Mazu, Silence (Ten Thousand Waves), 2010. Courtesy of the artist, Metro Pictures, New York and Victoria Miro Gallery, London.
Isaac Julien’s Ten Thousand Waves is a nine-screen video installation interweaving three seemingly discrete narratives that explore the migratory journeys of people whose impetus for movement converges on the sole need to fulfil utopian desires for a better life. Set against the contrasting backgrounds of the blustery northwest coast of England, the rush hour in Shanghai and the misty bamboo forests and mountains of the Guangxi province, Ten Thousand Waves’s motivating incident and first filmic narrative is the Morecambe Bay tragedy of 2004, in which 23 Chinese migrant workers drowned while picking cockles at the seashore in England while Wang Ping’s poem, specially commissioned for this work, is intoned over Julien’s images. In the second filmic narrative, Julien re-interprets the classic silent movie The Goddess (1934) – a euphemism for a streetwalker – whose protagonist (played by actress Zhao Tao) struggles with her chosen occupation in order to support herself and her son. In the third story, an ancient sea goddess Mazu (played by actress Maggie Cheung) believed to be the saviour and protector of fishermen and sailors in the Southern Chinese provinces, soars above the mountainous Chinese landscape.

Blue Goddess (Ten Thousand Waves), 2010. Courtesy of the artist, Metro Pictures, New York and Victoria Miro Gallery, London

Ten Thousand Waves, 2010, Installation view, Bass Museum of Art, Miami. Courtesy of the artist and Victoria Miro Gallery, London. Photo by Peter Haroldt.

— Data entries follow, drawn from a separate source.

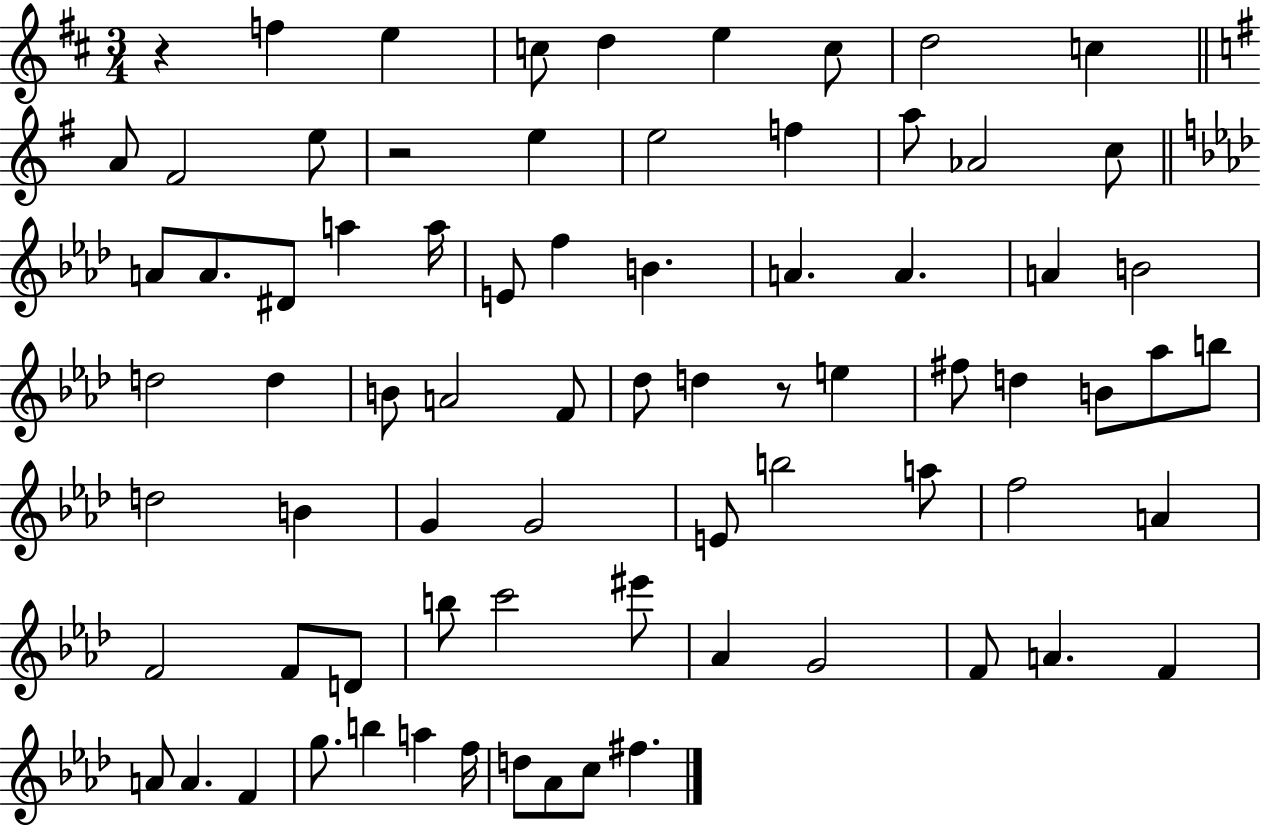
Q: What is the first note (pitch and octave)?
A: F5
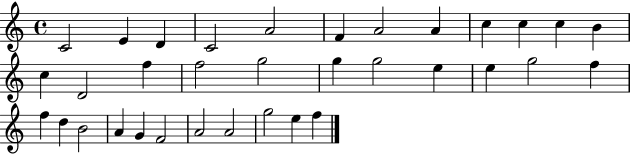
C4/h E4/q D4/q C4/h A4/h F4/q A4/h A4/q C5/q C5/q C5/q B4/q C5/q D4/h F5/q F5/h G5/h G5/q G5/h E5/q E5/q G5/h F5/q F5/q D5/q B4/h A4/q G4/q F4/h A4/h A4/h G5/h E5/q F5/q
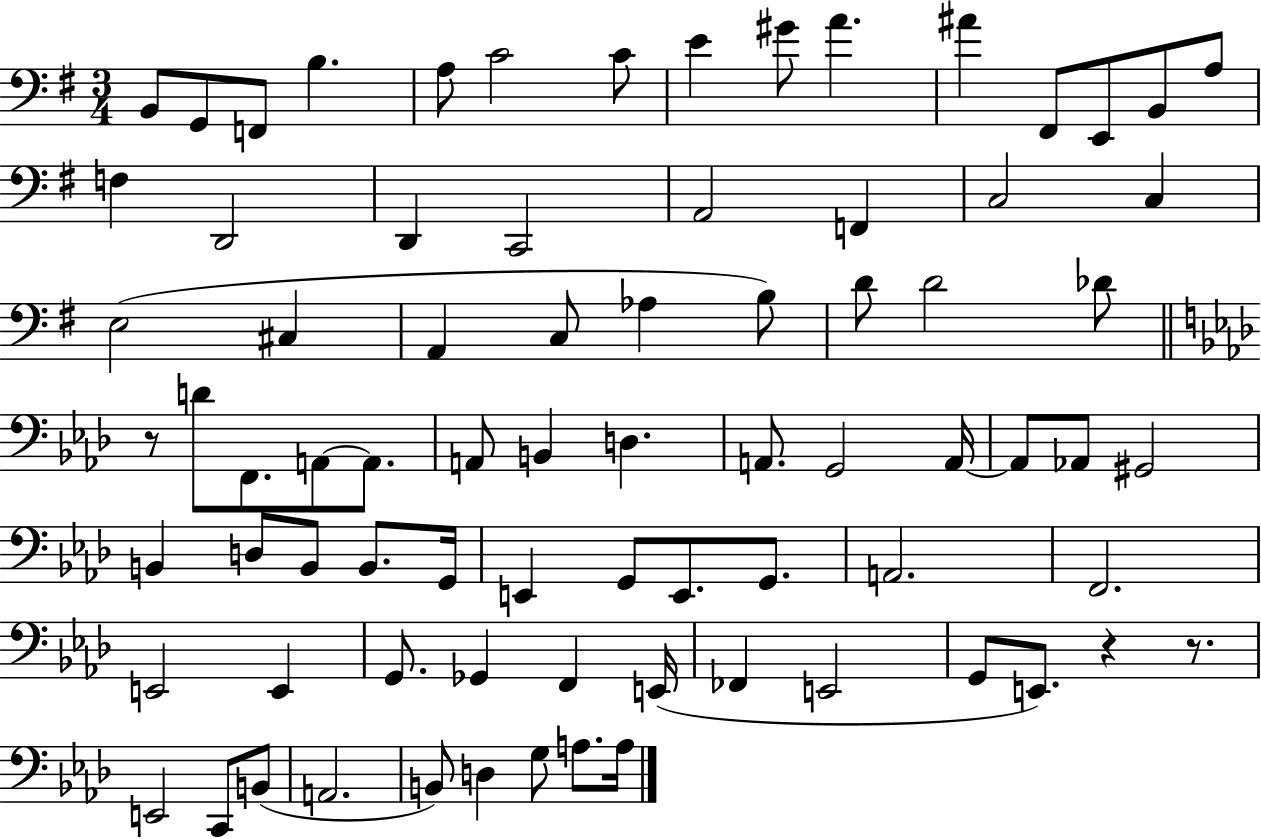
X:1
T:Untitled
M:3/4
L:1/4
K:G
B,,/2 G,,/2 F,,/2 B, A,/2 C2 C/2 E ^G/2 A ^A ^F,,/2 E,,/2 B,,/2 A,/2 F, D,,2 D,, C,,2 A,,2 F,, C,2 C, E,2 ^C, A,, C,/2 _A, B,/2 D/2 D2 _D/2 z/2 D/2 F,,/2 A,,/2 A,,/2 A,,/2 B,, D, A,,/2 G,,2 A,,/4 A,,/2 _A,,/2 ^G,,2 B,, D,/2 B,,/2 B,,/2 G,,/4 E,, G,,/2 E,,/2 G,,/2 A,,2 F,,2 E,,2 E,, G,,/2 _G,, F,, E,,/4 _F,, E,,2 G,,/2 E,,/2 z z/2 E,,2 C,,/2 B,,/2 A,,2 B,,/2 D, G,/2 A,/2 A,/4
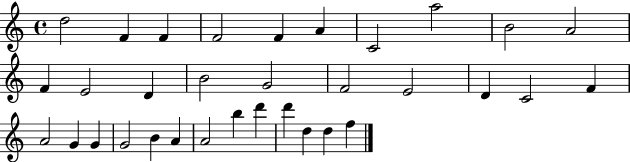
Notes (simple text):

D5/h F4/q F4/q F4/h F4/q A4/q C4/h A5/h B4/h A4/h F4/q E4/h D4/q B4/h G4/h F4/h E4/h D4/q C4/h F4/q A4/h G4/q G4/q G4/h B4/q A4/q A4/h B5/q D6/q D6/q D5/q D5/q F5/q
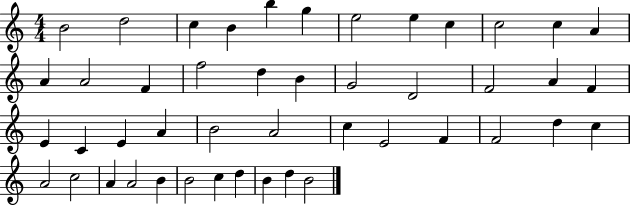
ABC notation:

X:1
T:Untitled
M:4/4
L:1/4
K:C
B2 d2 c B b g e2 e c c2 c A A A2 F f2 d B G2 D2 F2 A F E C E A B2 A2 c E2 F F2 d c A2 c2 A A2 B B2 c d B d B2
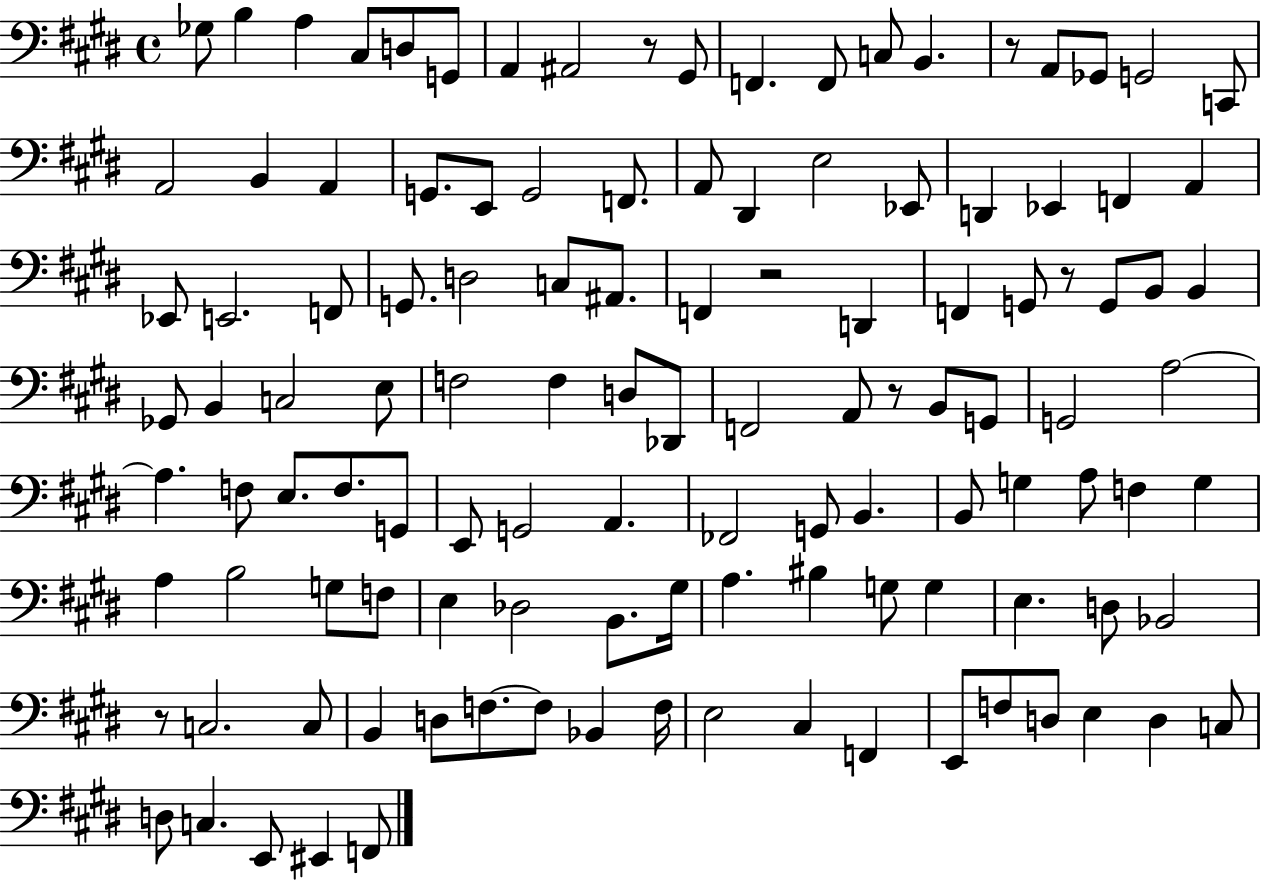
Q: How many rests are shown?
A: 6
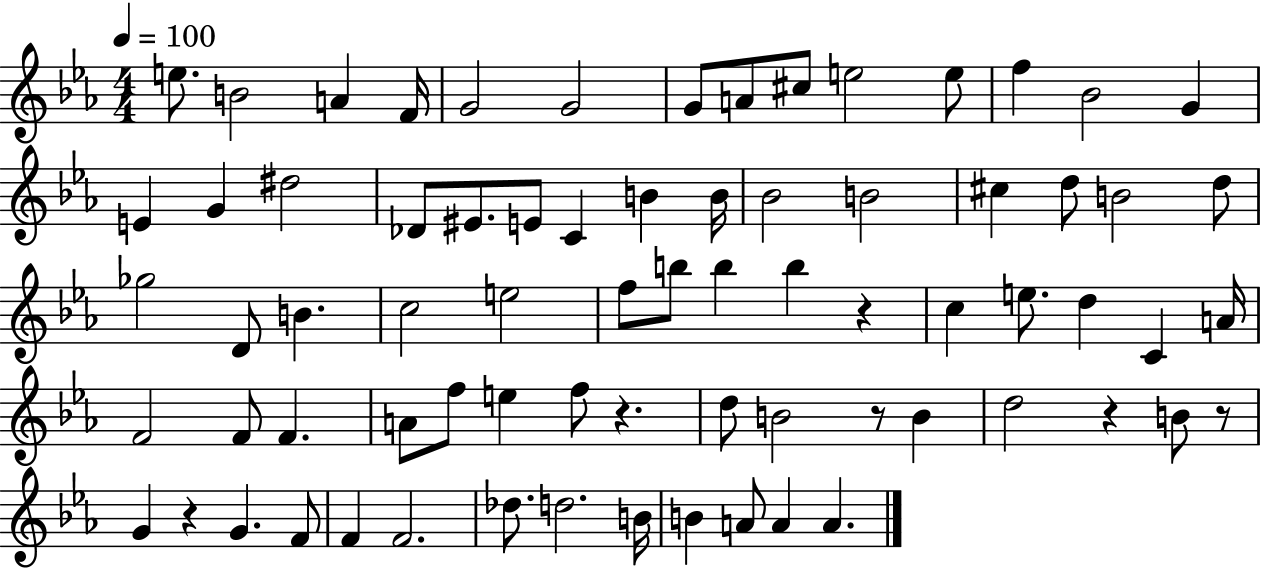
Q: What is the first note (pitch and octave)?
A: E5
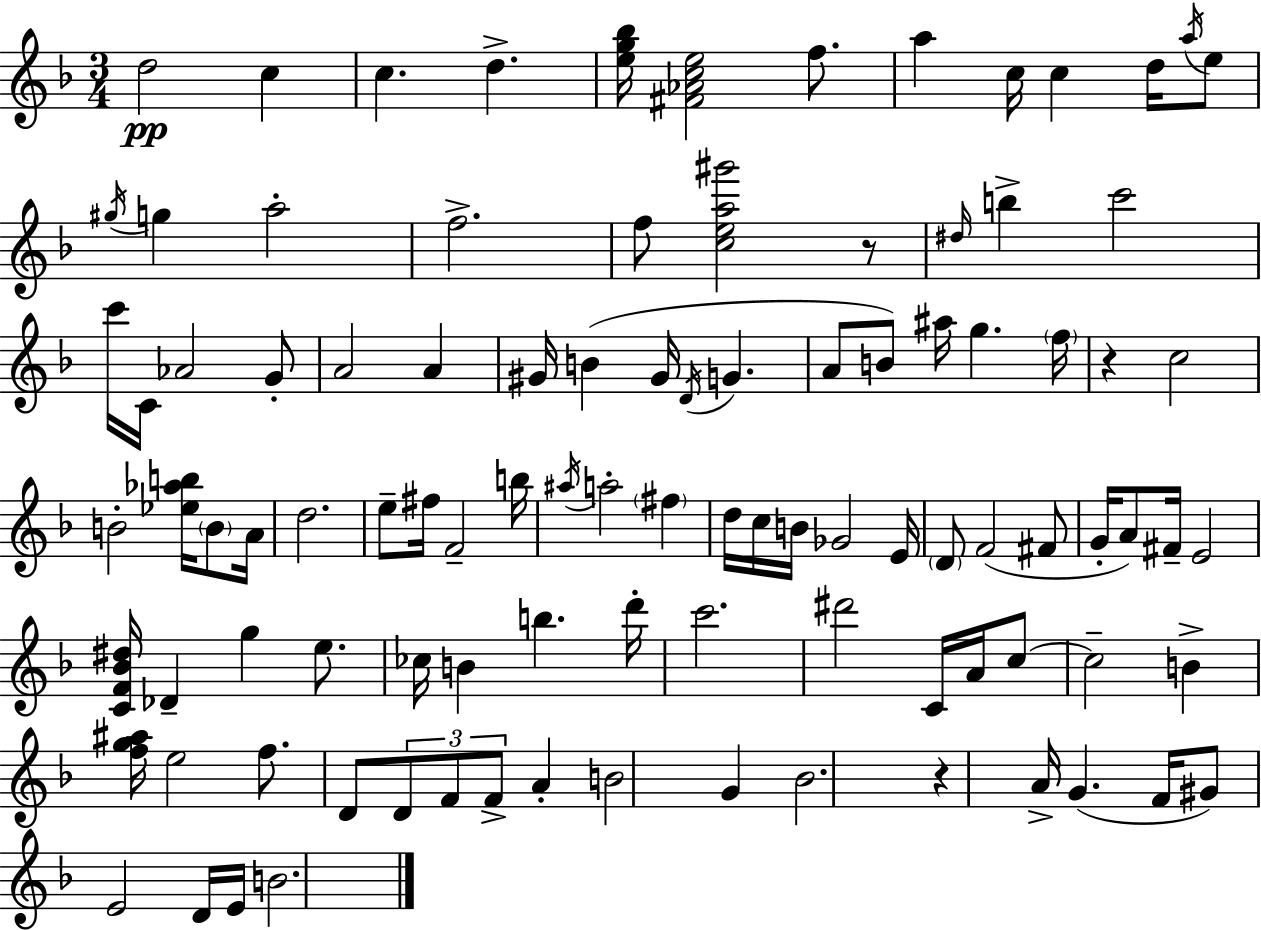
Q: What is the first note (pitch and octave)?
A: D5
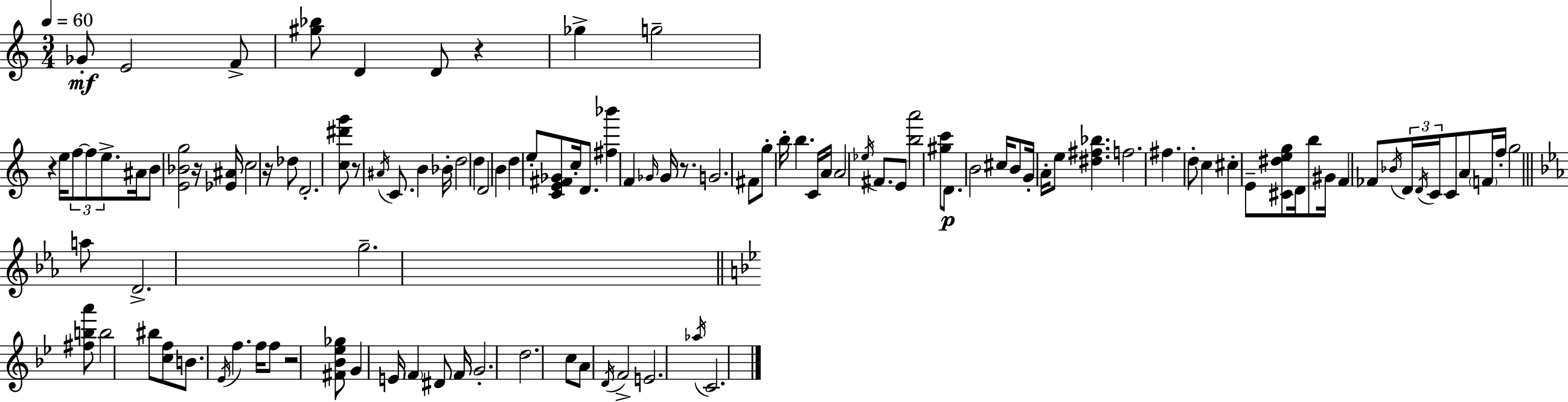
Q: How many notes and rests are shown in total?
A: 113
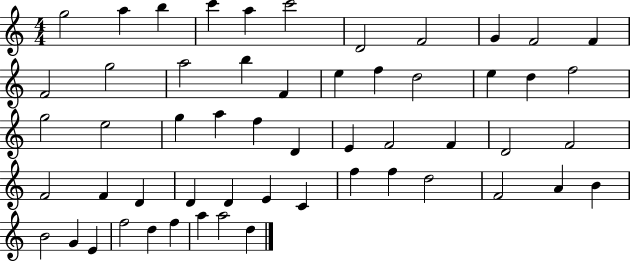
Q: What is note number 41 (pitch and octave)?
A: F5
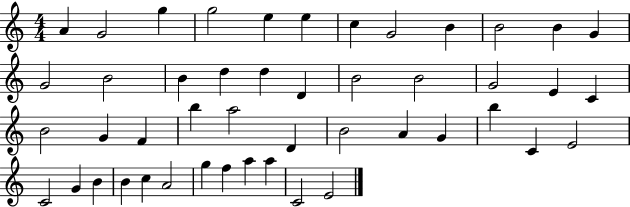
X:1
T:Untitled
M:4/4
L:1/4
K:C
A G2 g g2 e e c G2 B B2 B G G2 B2 B d d D B2 B2 G2 E C B2 G F b a2 D B2 A G b C E2 C2 G B B c A2 g f a a C2 E2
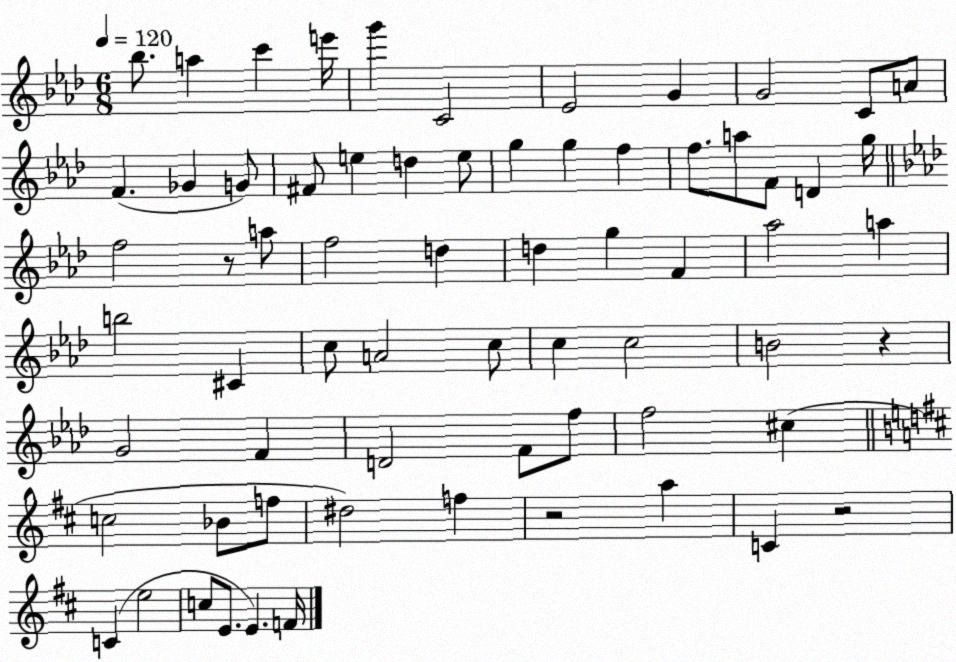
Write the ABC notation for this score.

X:1
T:Untitled
M:6/8
L:1/4
K:Ab
_b/2 a c' e'/4 g' C2 _E2 G G2 C/2 A/2 F _G G/2 ^F/2 e d e/2 g g f f/2 a/2 F/2 D g/4 f2 z/2 a/2 f2 d d g F _a2 a b2 ^C c/2 A2 c/2 c c2 B2 z G2 F D2 F/2 f/2 f2 ^c c2 _B/2 f/2 ^d2 f z2 a C z2 C e2 c/2 E/2 E F/4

But if the 55-minute film tests the endurance of any gallery visitor, its heavily down-sized counterpart, shown simultaneously at the Valentine Willie Fine Art Gallery (VWFA) white-cube space as photographs/stills from the film, neglects the fundamentals of this monumental work: the labyrinthine, imagistic spaces of nine, double-sided screens positioned strategically to “frustrate the ontological gaze of the spectator” (in Julien’s own words), within which the viewer experiences the truncation of traditional, linear cinematic narratives. In fact, the freedom of audience movement between screens subverts any attempt to establish a coherent narrative and sets up instead, a poetic interplay of images competing for visual dominance that tell of the migratory experience across the installation space.